BEGIN Data extracts

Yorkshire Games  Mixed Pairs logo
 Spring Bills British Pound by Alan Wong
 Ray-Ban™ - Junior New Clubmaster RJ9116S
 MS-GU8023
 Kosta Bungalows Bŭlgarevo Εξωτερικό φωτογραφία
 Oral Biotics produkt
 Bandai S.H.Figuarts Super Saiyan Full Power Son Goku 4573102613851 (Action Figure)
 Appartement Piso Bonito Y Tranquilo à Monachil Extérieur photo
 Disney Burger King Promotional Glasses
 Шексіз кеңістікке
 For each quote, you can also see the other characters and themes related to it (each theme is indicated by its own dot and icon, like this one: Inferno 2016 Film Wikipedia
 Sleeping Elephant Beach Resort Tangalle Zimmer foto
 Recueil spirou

END Data extracts

**To do**: Only the lines from the one holding "Kosta Bungalows Bŭlgarevo" through the end of the listing should appear in the response, each restated exactly.

**Result**:
 Kosta Bungalows Bŭlgarevo Εξωτερικό φωτογραφία
 Oral Biotics produkt
 Bandai S.H.Figuarts Super Saiyan Full Power Son Goku 4573102613851 (Action Figure)
 Appartement Piso Bonito Y Tranquilo à Monachil Extérieur photo
 Disney Burger King Promotional Glasses
 Шексіз кеңістікке
 For each quote, you can also see the other characters and themes related to it (each theme is indicated by its own dot and icon, like this one: Inferno 2016 Film Wikipedia
 Sleeping Elephant Beach Resort Tangalle Zimmer foto
 Recueil spirou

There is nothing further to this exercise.